Examples and Quickstart¶
Astro Objects¶
Create a single image with a star¶
The astro module contain a number of astronomy objects. In this notebook, we will go over creating an instance of a star object, how to generate a star image with and without noise, and display the results.
import numpy as np
import matplotlib.pyplot as plt
from deepbench.astro_object import StarObject
from deepbench.image import SkyImage
from deepbench.collection import Collection
The first step is to initilize the star class¶
Inputs include the dimension of the image (a square), noise, radius, and amplitude. Here we introduce no noise:
star = StarObject(
image_dimensions = 28,
noise = 0.0,
radius= 0.2,
amplitude = 5.0
)
Generate multiple stars¶
The input is x and y positions.
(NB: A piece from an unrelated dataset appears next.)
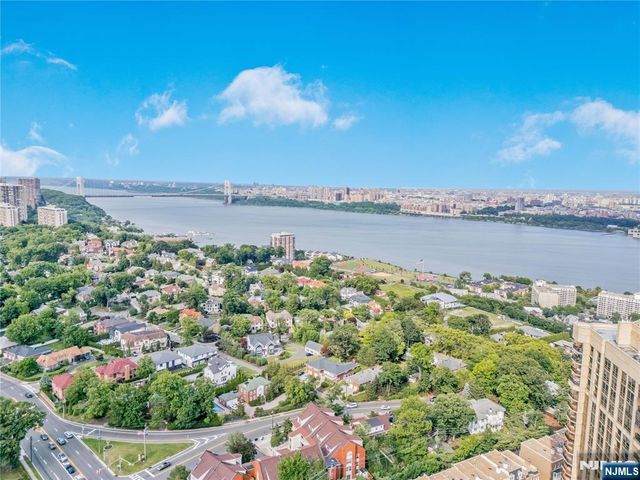 900 Palisade Avenue 17C, Fort Lee, NJ 07024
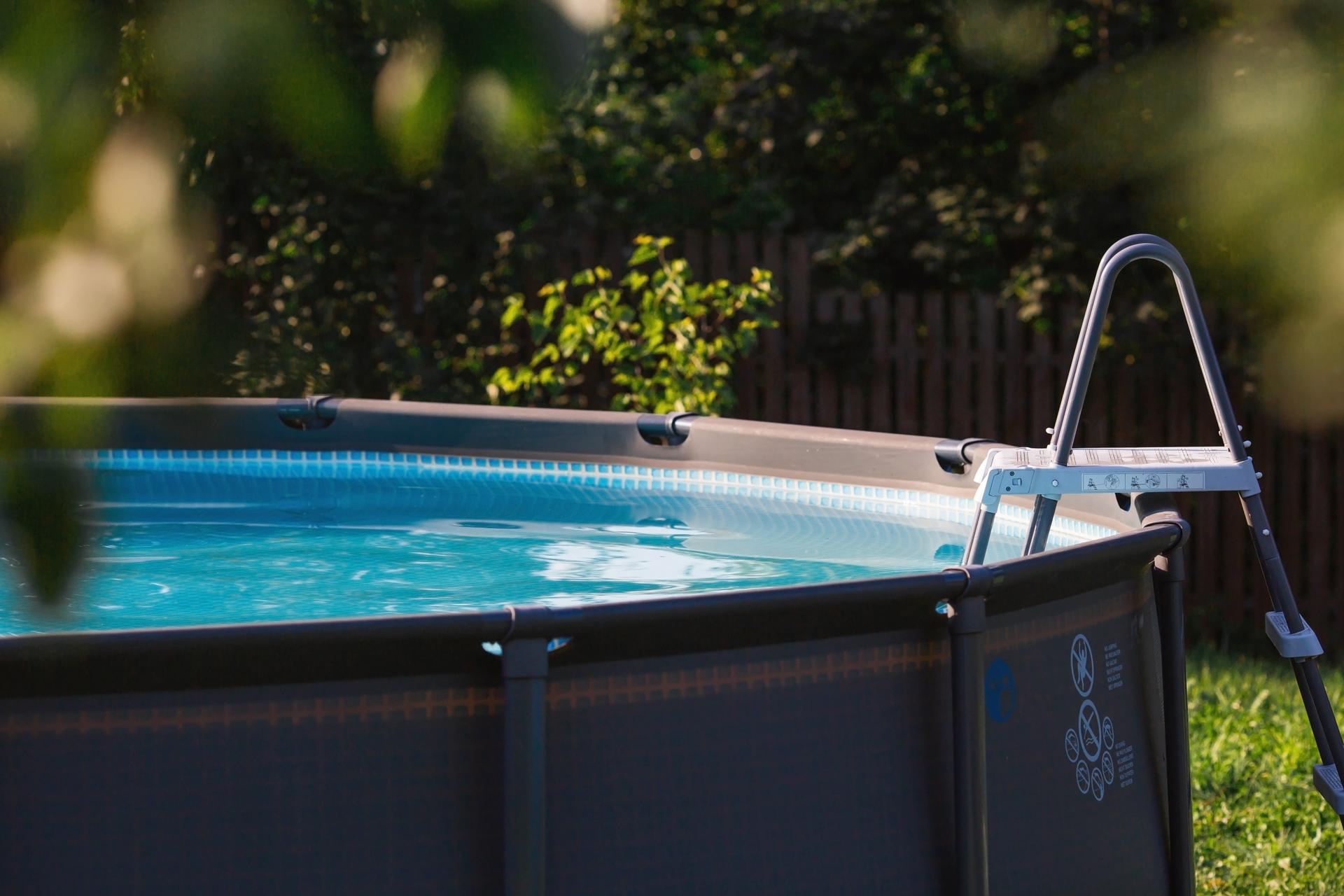 Les meilleures piscines tubulaires à moins de 300 €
The output is an image of a star at that position.
First, generate random x and y positions.
x_position, y_position = np.random.default_rng().uniform(low=1, high=27, size=(2, 5))
plt.clf()
plt.scatter(x_position, y_position)
plt.xlabel('x_position')
plt.ylabel('y_position')
plt.title('5 randomly generated x and y positions')
#plt.aspect_ratio('square')
plt.show()
Generate stars for each randonly generated x and y position¶
generated_stars = []
for x_pos, y_pos in zip(x_position, y_position):
generated_stars.append(star.create_object(x_pos, y_pos))
Sum and plot the resulting images¶
With overlayed original x and y positions.
plt.clf()
plt.imshow(np.sum(generated_stars, axis = 0), origin = 'lower')
plt.scatter(x_position, y_position, color = 'red')
plt.show()
Repeat the analysis with noise¶
star_noisy = StarObject(
image_dimensions = 28,
noise = 0.1,
radius= 0.8,
amplitude = 5.0
)
generated_stars_noisy = []
for x_pos, y_pos in zip(x_position, y_position):
generated_stars_noisy.append(star_noisy.create_object(x_pos, y_pos))
plt.clf()
plt.imshow(np.sum(generated_stars_noisy, axis = 0), origin = 'lower')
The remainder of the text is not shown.